The past week had been hell for them, and none had even been given time to go home in the past four, five days.
A bus had crashed into another the week before, and virtually every department had been paged.
At two in the midnight, Maliya had gotten a call from a fellow resident doctor to come down to the hospital.
When she got there, the enormity of the situation hit her.
People were everywhere, on stretchers, limping, running down the hallway, and some bodies being conveyed to the mortuary.
She could spot a nurse or two in the process of triaging, handing over files to doctors as patients were wheeled to the E.R.
In all, there were about ten life-threatening cases, seven of which were successful.
Till that day, there was gloom in the air, grief choking patients, their families and hospital staff alike.

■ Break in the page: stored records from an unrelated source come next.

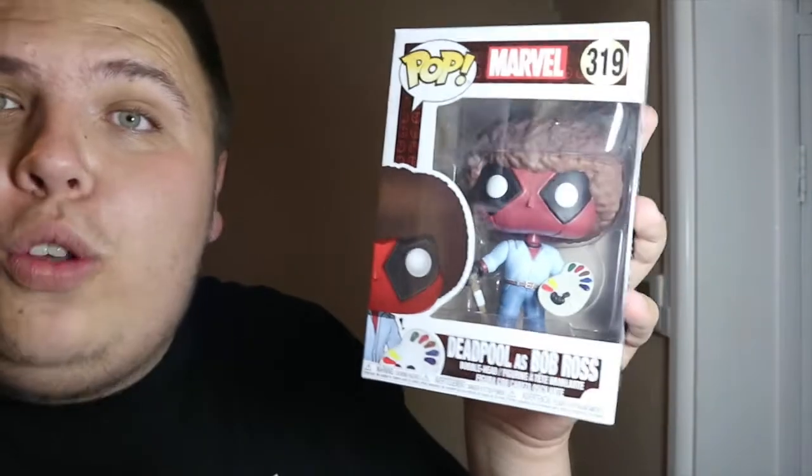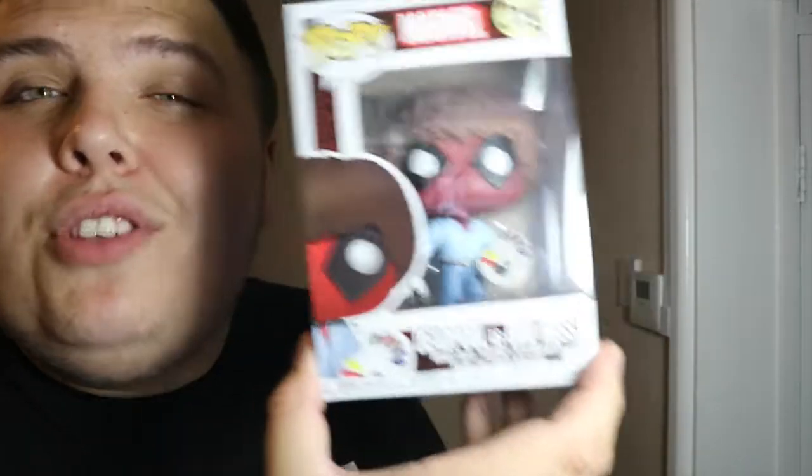While I was in Forbidden Planet getting that free bag, I felt rude not buying anything, so I picked up this awesome Deadpool Bob Ross pop. Out of all the Deadpool pops, this is the one I really wanted the most. I do have the Bob Ross chase pop and I'd love to get the flocked Bob Ross, but this is a really cool pop. I managed to get him for £10, so that was a score.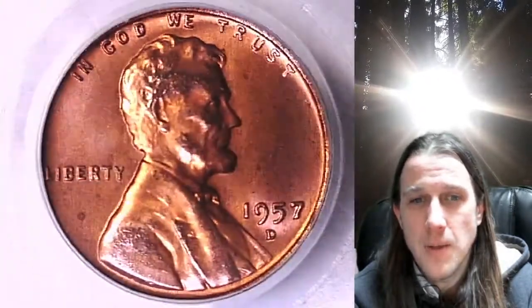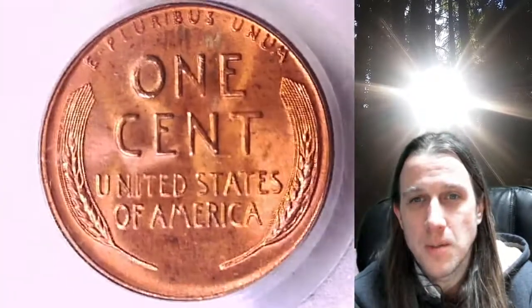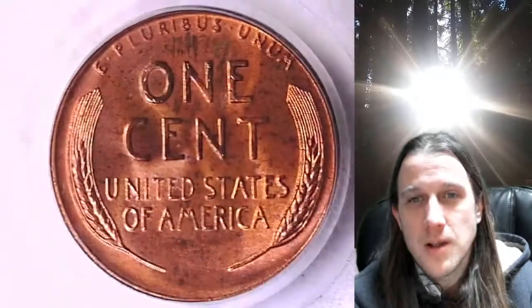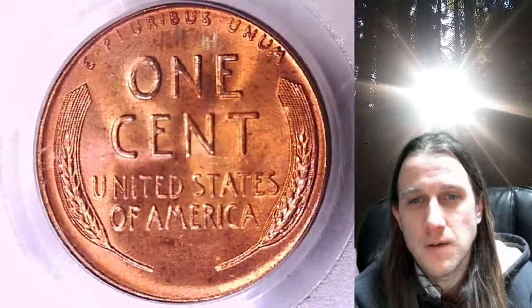This coin is going to go up for sale on my eBay store. You can find it by following the link in the description below the video — it'll take you to this exact coin on eBay. Once there, you can also find over 3,900 PCGS graded coins for sale.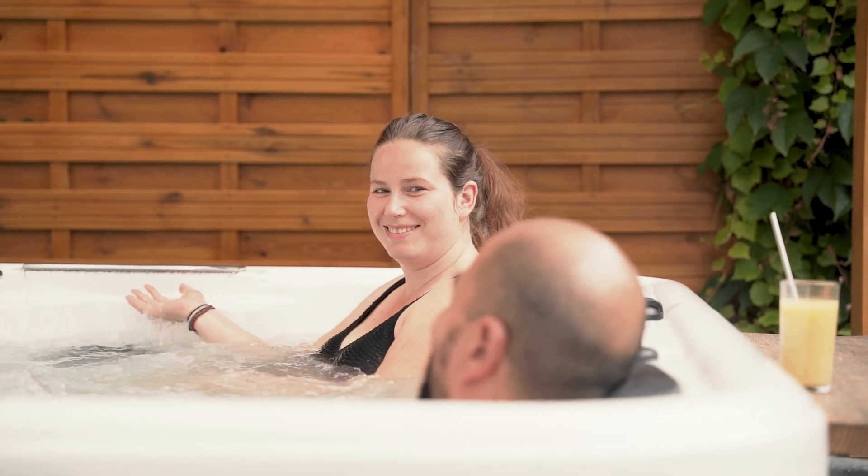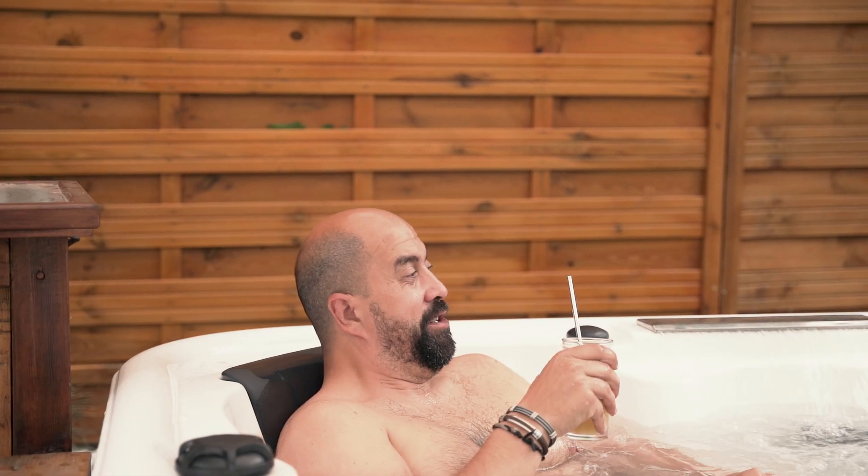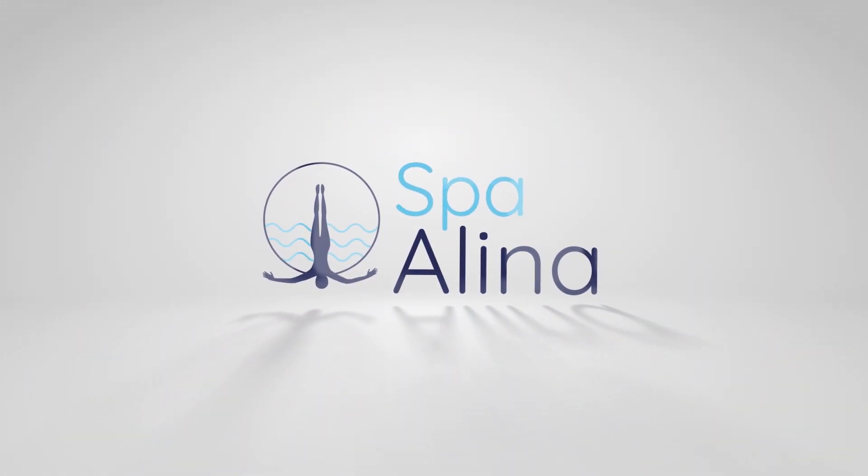On a rejoint le programme ambassadeur puisqu'au moment où nous avons voulu choisir le spa, on avait envie de voir d'autres installations. On était tombé sur des vidéos et on s'est dit que ce spa avait l'air sympa. Et on s'est dit que ça serait bien de pouvoir aussi faire part de notre expérience.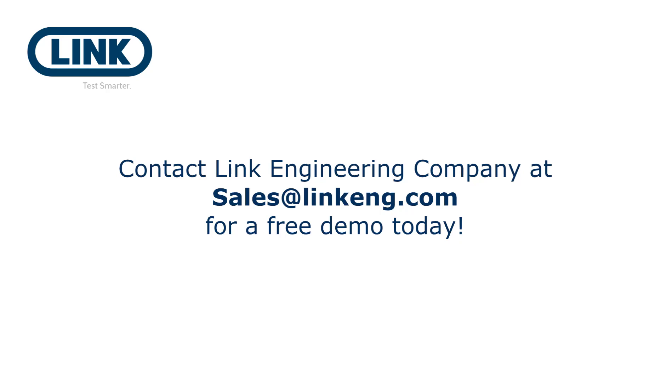Thank you very much for tuning in today. We at Link Engineering Company would love the opportunity to meet with you, provide a free demonstration or a consultation on how we can help you and assist you in your testing and laboratory needs. Thank you.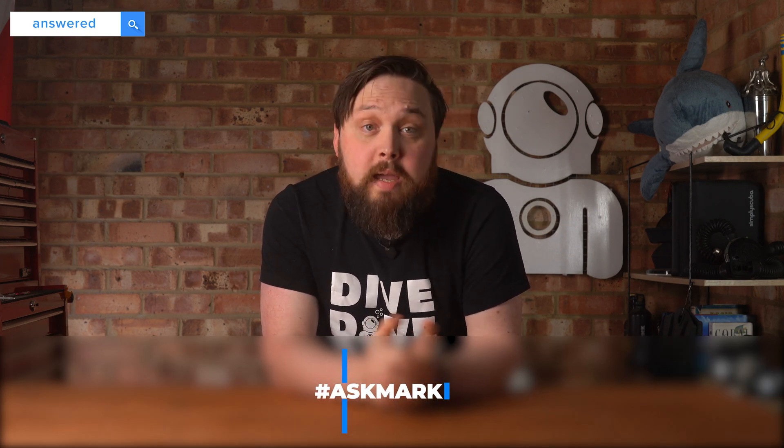If you have any scuba diving questions you'd like answered, let me know down in the comments below. If you use the Ask Mark hashtag, it might get featured in next week's Q&A. That's it for another week. Thank you so very much for watching everybody, and of course, safe diving.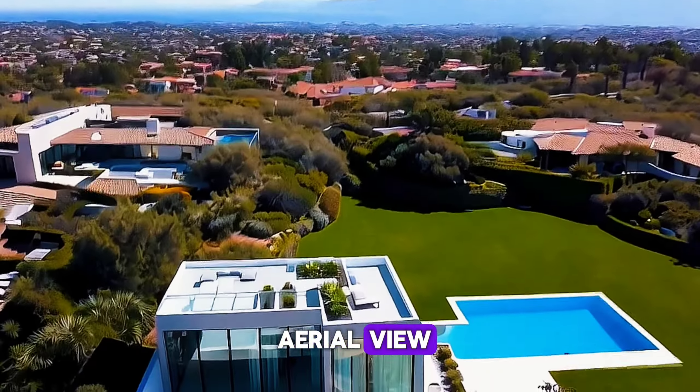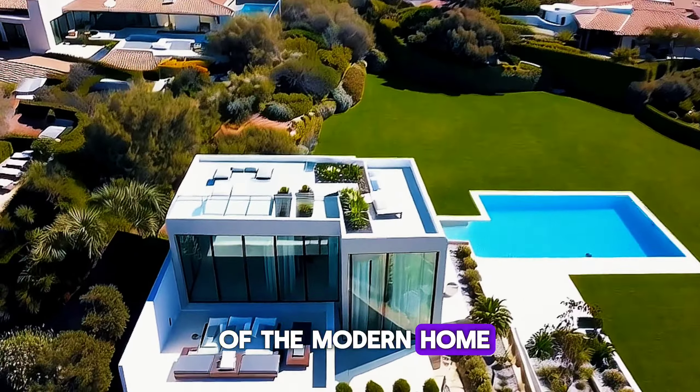Take in the breathtaking aerial view, showing the full beauty of the modern home and its surroundings.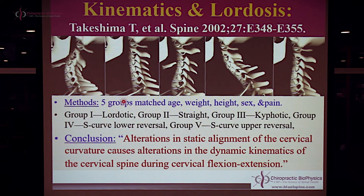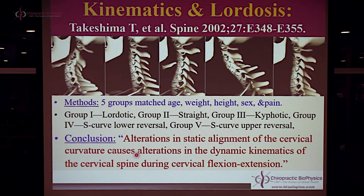They matched these five groups for appropriate variables: age, weight, height, and sex, because those are the variables known to dictate cervical movement patterns in forward and backward bending called flexion extension. What these authors determined, for one of the first times in a properly designed study, is that the alignment of the cervical curve in its starting position on an X-ray — meaning what your neck curve looks like in a neutral lateral X-ray — determines the flexion and extension movement patterns at end range of motion. The authors concluded that alterations in static alignment of the cervical curve causes alteration in dynamic kinematics during flexion extension, as measured on end-range flexion extension radiographs.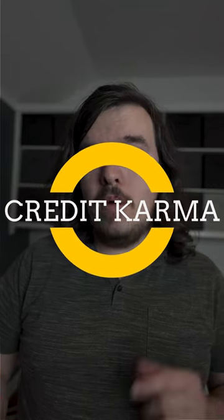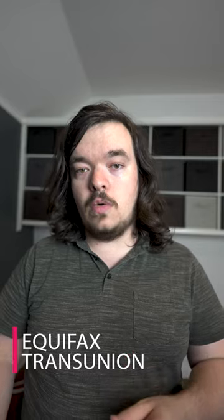Credit Karma is a free tool that allows you to monitor your credit report, get estimates from two of the most popular agencies on what your score could be, see a breakdown of what factors are relevant in impacting your score, and get recommendations for how to improve it. Plus, you can keep an eye on any new lines of credit that might be opened, which is a great way to monitor for credit fraud.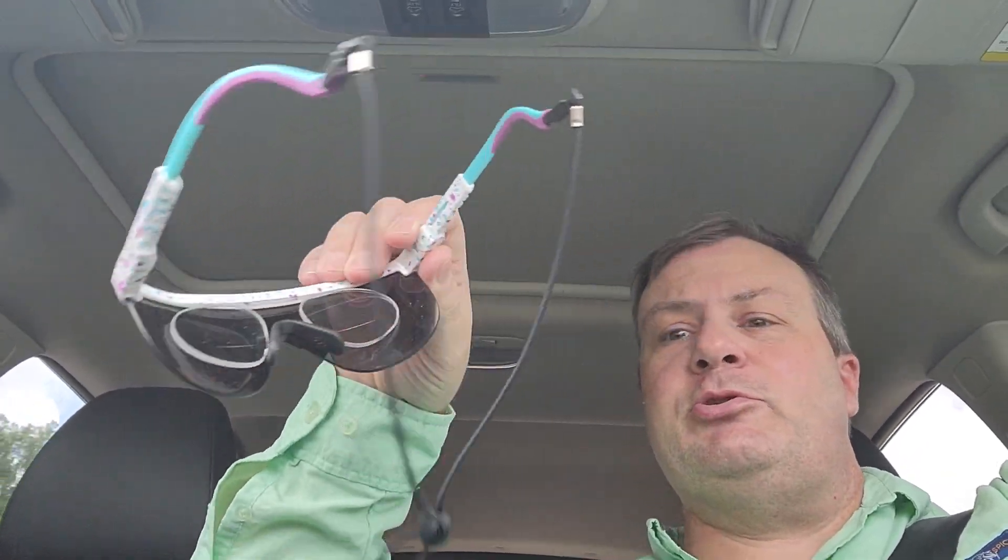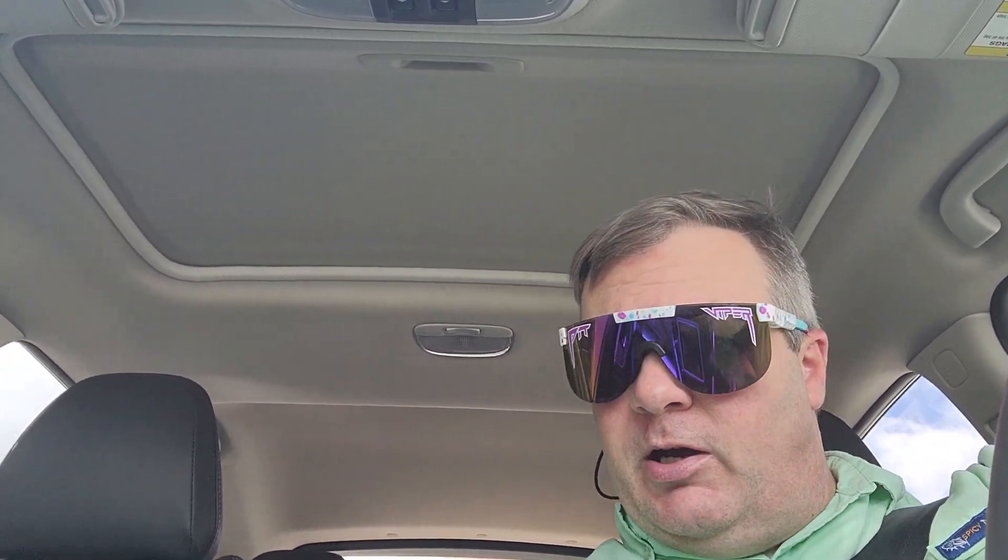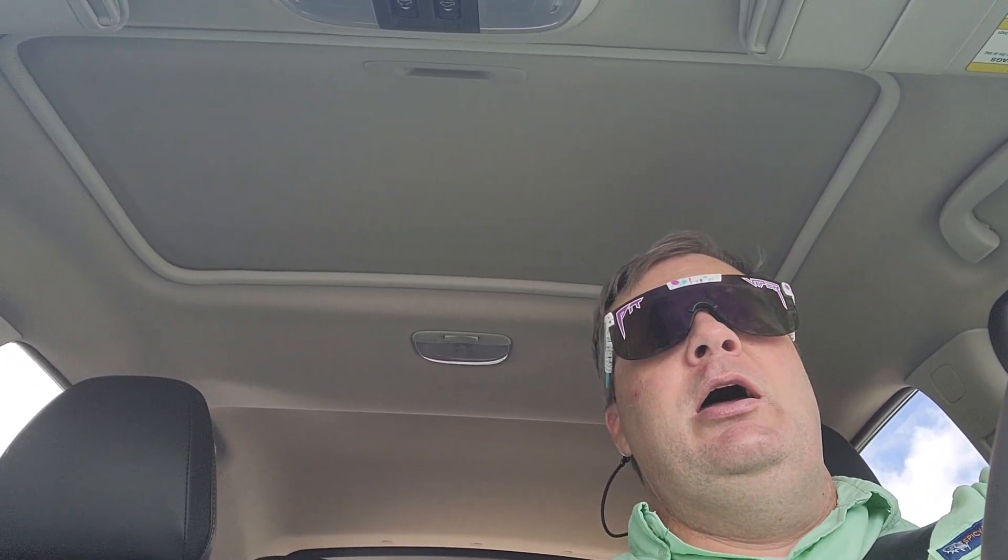These actually have my prescription in them. There's a company that makes a little clip-in lens based on your prescription — you can get them single vision, bifocal, or no-line bifocal progressive lenses. I got the lined bifocal; it's the first pair of bifocals I've ever had. I honestly didn't want to spend the extra 50 or 60 bucks to get rid of the line, so I said I'd try it and see, and actually I kind of like it.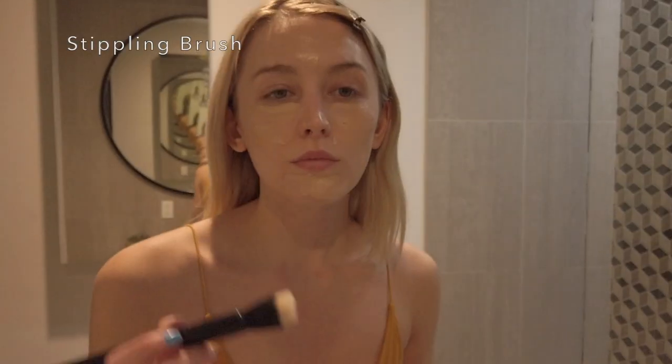I let that sit for just a second to absorb into my face. I'm kind of in the market for a new foundation — if anybody has any recommendations! But I've been sticking to the Healthy Foundation by Physicians Formula for a while. It has a really awesome tip applicator. Sometimes I'll take my stippling brush by Annika and mix in a little bit of moisturizer.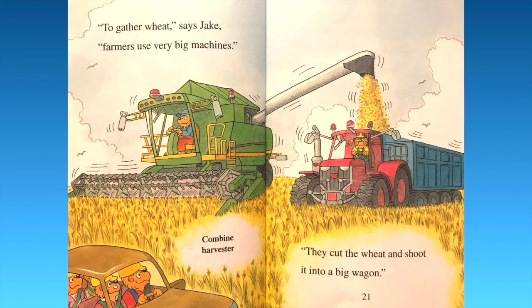"To gather wheat," says Jake, "farmers use very big machines." Look at that combine harvester — they cut the wheat and shoot it into a big wagon.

Maliya had been unable to sleep for days, one of the three cases in which the patients had died had been one she was present for.
It was the first time she'd lost a patient, and no amount of comfort from senior practitioners could get rid of the guilt she felt.
Although she hadn't been the doctor-in-charge, she had assisted in the surgery and so couldn't shake off the feeling of incompetence gnawing at her insides.
They'd told them in school that loosing one's first patient was the hardest experience in their career.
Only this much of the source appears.